Finally, Australasia valued its freedom. At least the Anglo portions of the country who weren't under the Anglo boot. Aborigonies, Maori, Port Moresby, and Fiji had a different view of Australasian "freedom". The stunningly high standard of living, relative peace at home, wide freedoms and social mobility, all of these things are critical motivations for the Anglo part of the Australasian population.

So let us review. The Entente declares war on the Japan-Siam-Transamur alliance to satisfy Canadian economic interests in Asia and Delhian territorial claims. The war goes badly in India, resulting in the surrender of two full Caribbean Federation divisions and the annihilation of an Australasian division. Canada sends only planes.

Next, just as the war looks to be entering a phase of naval combat between Entente fleets and Japanese fleets with the prize being control of sea lanes and access to landings on enemy territory, a notoriously brutal Japanese Prime Minister promises total victory by arms rather than speak of a negotiated peace. Canada's King declares the crown does not forget England. And Canada's main fleet has yet to engage any Japanese vessels. Let alone the fear in Canada of Syndicalist invasion forcing the fleet to defend the Atlantic. That doesn't matter to...
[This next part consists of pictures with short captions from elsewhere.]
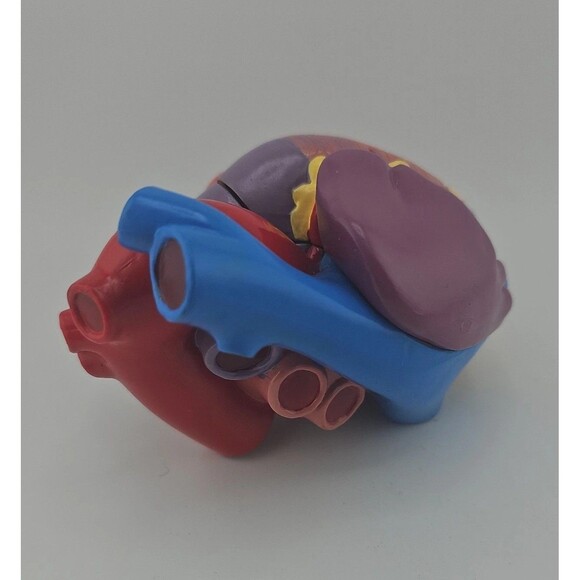 1996 GPI Anatomical Heart Model 5.5 in x 3 in ~ 2 Parts, No Display Stand, EUC - Picture 3 of 10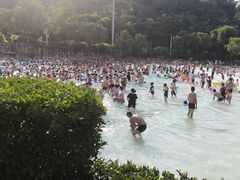 -重庆海昌加勒比海水世界
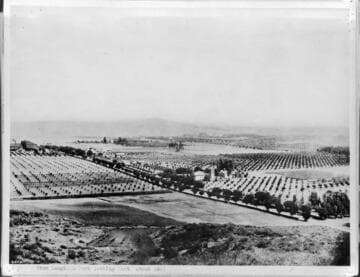 East Hollywood, from Laughlin Park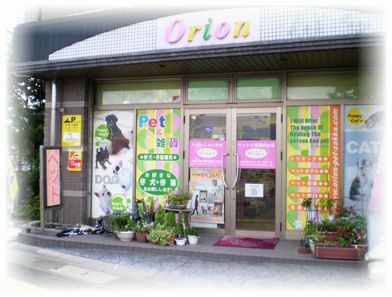 福岡県福岡市博多区のペットホテル Pet & Goods Shop Orionの1枚目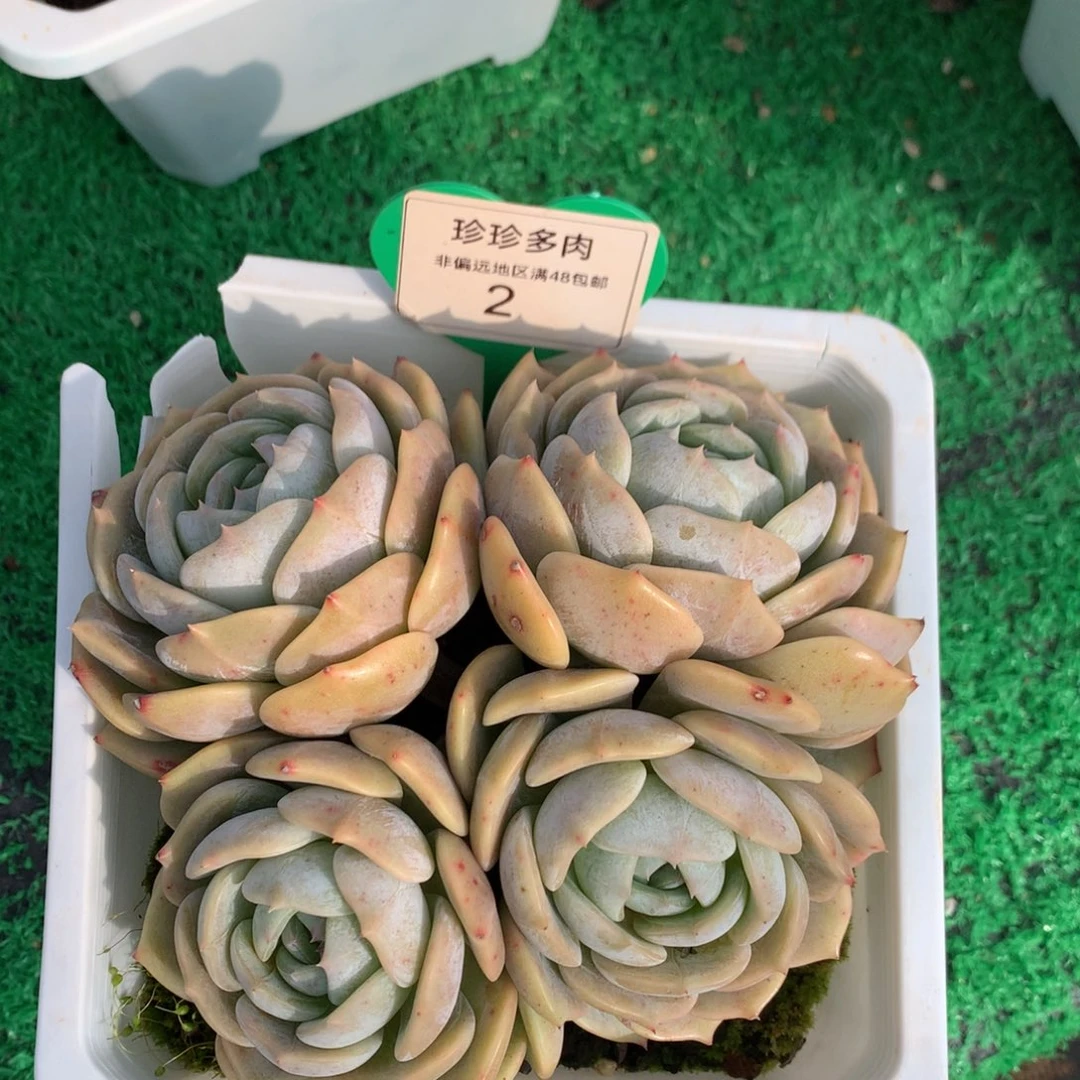 劳林老桩开播福利2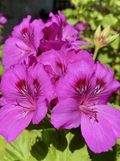 Pink Purple Geranium Cuttings – 5 Unrooted Pelargonium Stem Propagation Plants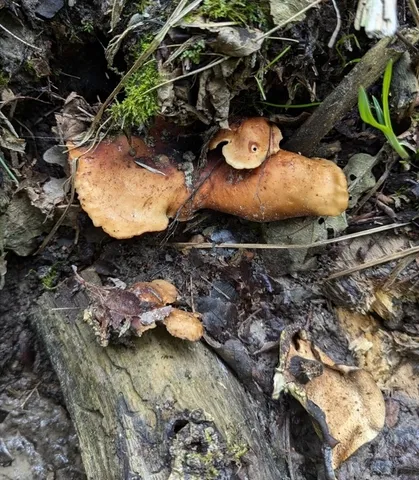 Bay Polypore (Picipes badius)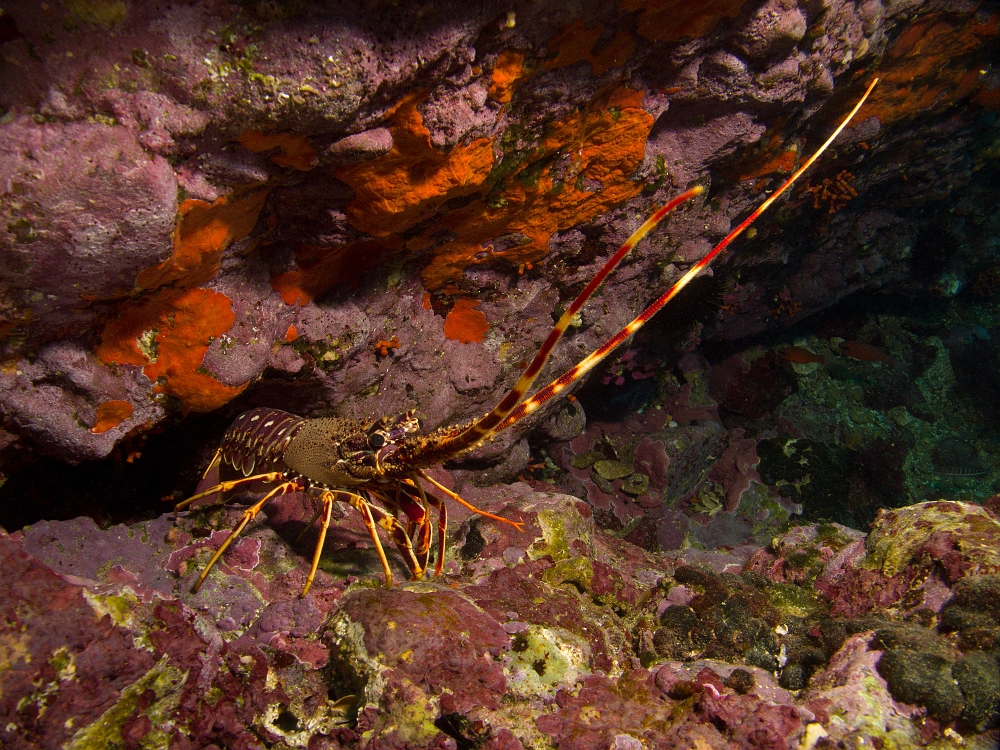 Langouste.jpg - Palinurus elephas. La langouste d'Europe atteint une taille d'environ 50cm. Elle vit en général dans une cavité dans la roche rarement au-dessus de 15m. Elle se nourrit de mollusques comme des bivalves, de cadavres ou d'oursins.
The Australasians. Who remember their British roots fondly. But value their freedom and way of life more than anything else. What would happen if another credible power offered to protect that freedom, to defend the home territories, and moreover to demand far less participation in a European war against syndicalism than desperate Canada would?

Australasia would jump at the chance, and with virtually no reservations. So, of course, they do.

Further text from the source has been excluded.